— Une idée, monsieur Le Brun, une idée! Si on avait un échantillon des étoffes, par exemple, et qu’avec le temps et dans un meilleur jour...
— Oh! alors, s’écria Le Brun, je répondrais de tout.
— Bon! dit d’Artagnan, ce doit être là le nœud de l’action; on a besoin d’un échantillon de chaque étoffe. Mordious! Le donnera-t-il, ce Percerin?
Percerin, battu dans ses derniers retranchements, dupe, d’ailleurs, de la feinte bonhomie d’Aramis, coupa cinq échantillons qu’il remit à l’évêque de Vannes.
— J’aime mieux cela. N’est-ce pas, dit Aramis à d’Artagnan, c’est votre avis, hein?
— Mon avis, mon cher Aramis, dit d’Artagnan c’est que vous êtes toujours le même.
— Et, par conséquent, toujours votre ami, dit l’évêque avec un son de voix charmant.
— Oui, oui, dit tout haut d’Artagnan.

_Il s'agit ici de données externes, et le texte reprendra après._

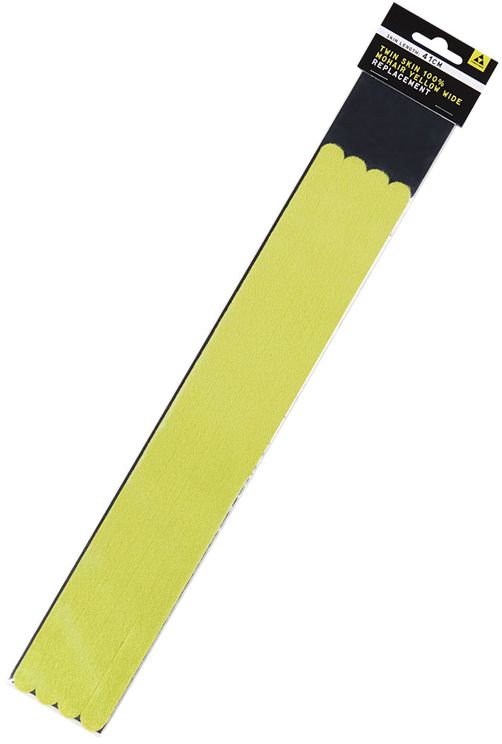 Fischer Twin Skin 100% Mohair Wide - 410mm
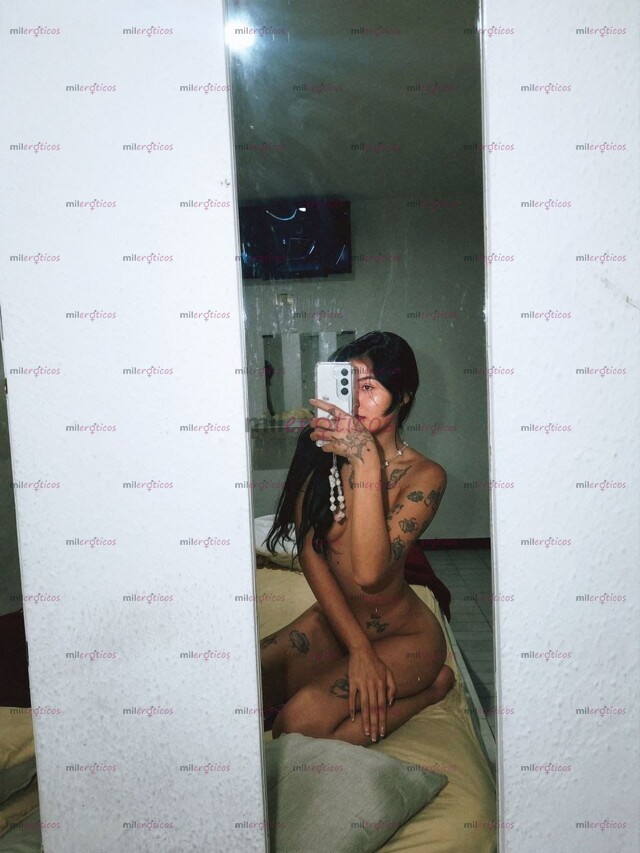 FOTOS DE COLOMBIANITA DELGADITA, COQUETA Y CON MUCHA ACTITUD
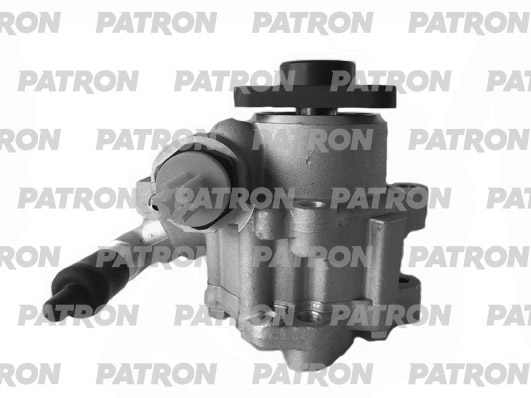 PATRON PPS1054 Насос гидроусилителя CHERY: KIMO (75 Bar)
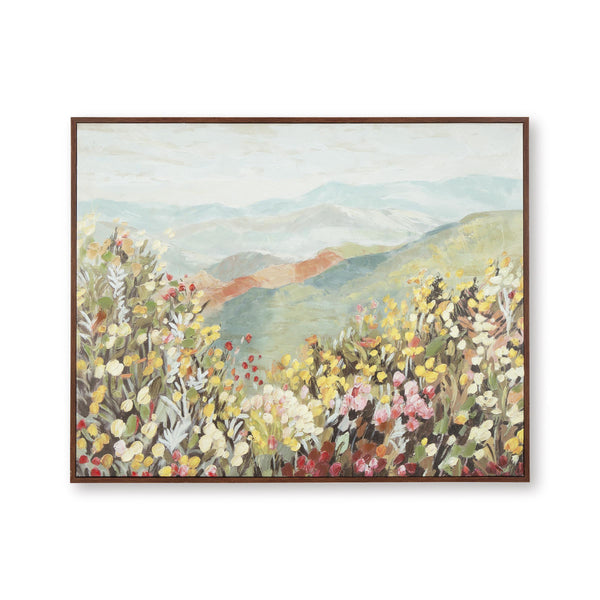 Signature Design by Ashley Pryorley A8000451 Wall Art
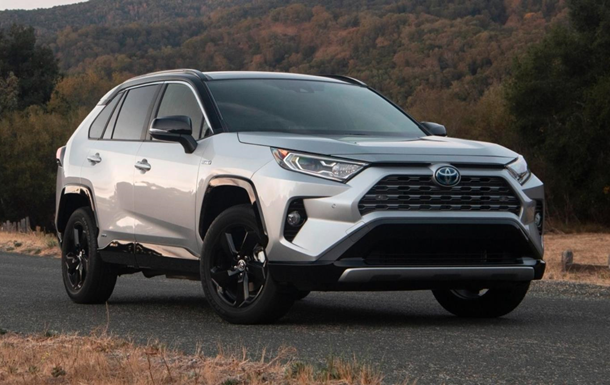 Автомобільний ринок України у 2024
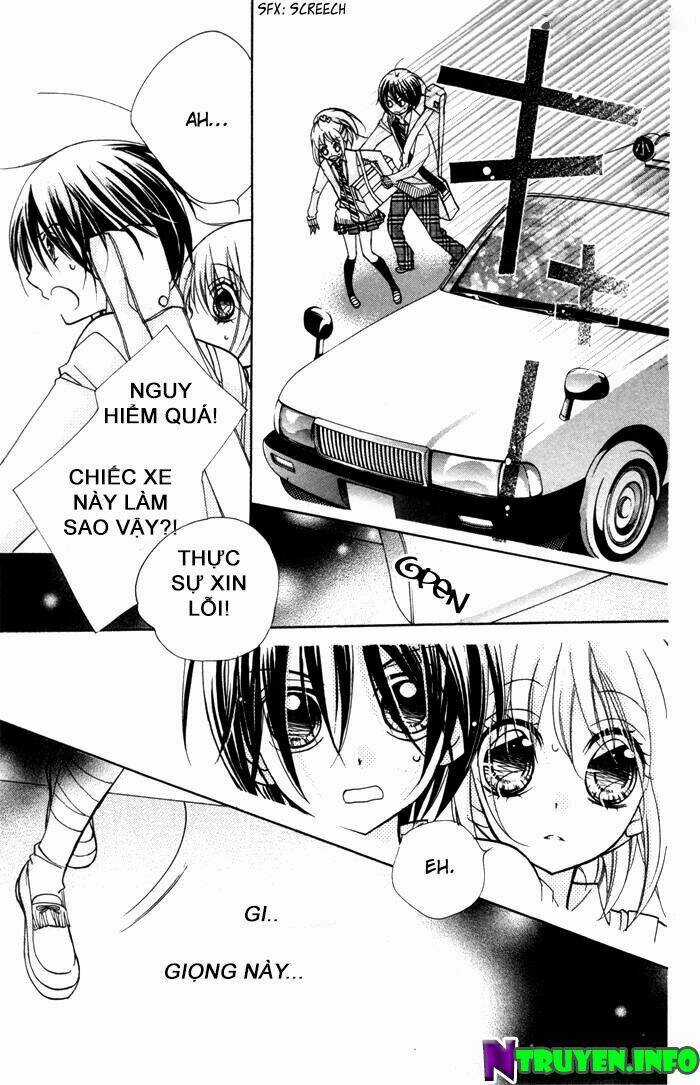 Chocolate - Chapter 10 - Trang 27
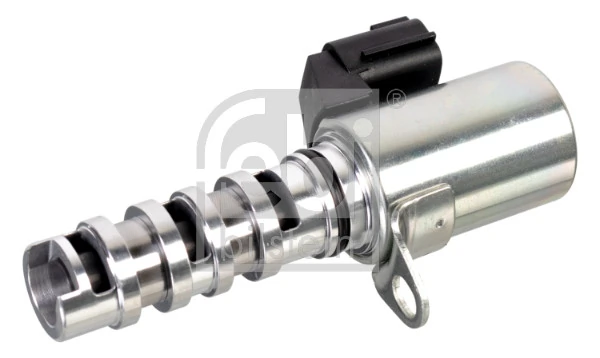 Control Valve, camshaft adjustment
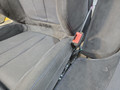 салон (комплект сидений) BMW 5 серия G30/G31 G30 2017, 2.0 л., B47 D20 A, дизель, АКПП, black sapphire metallic (475), седан, задний привод, правый руль, 52108070961, 8070961, 52108070962, 8070962 - фото №40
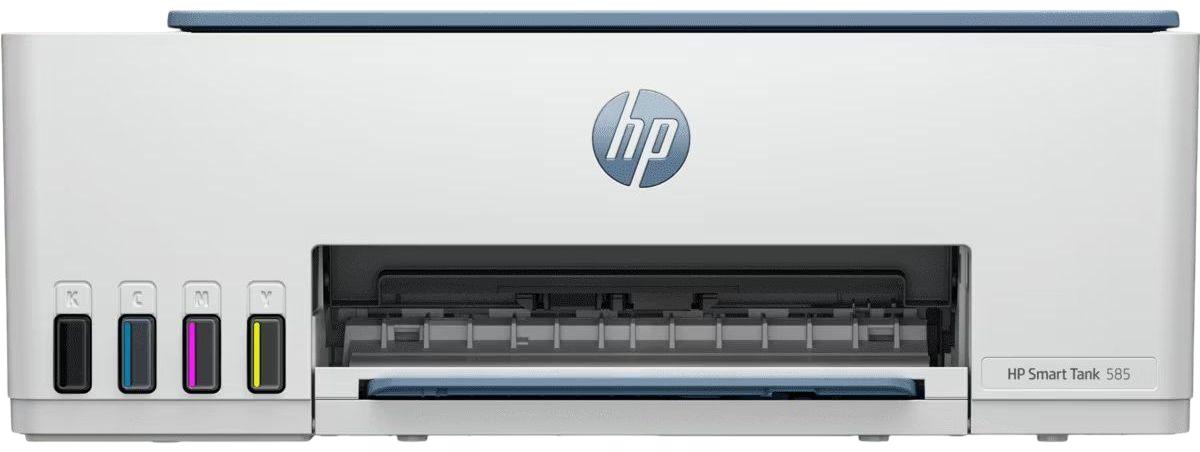 Струйное МФУ/ HP SMART TANK 585, 1F3Y4A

Puis tout bas: Si je suis ta dupe, double jésuite, je ne veux pas être ton complice, au moins, et, pour ne pas être ton complice, il est temps que je sorte d’ici. Adieu, Aramis, ajouta-t-il tout haut; adieu, je vais rejoindre Porthos.
— Alors attendez-moi, fit Aramis en empochant les échantillons, car j’ai fini, et je ne serai pas fâché de dire un dernier mot à notre ami.
Le Brun plia bagage, Percerin rentra ses habits dans l’armoire, Aramis pressa sa poche de la main pour s’assurer que les échantillons y étaient bien renfermés, et tous sortirent du cabinet.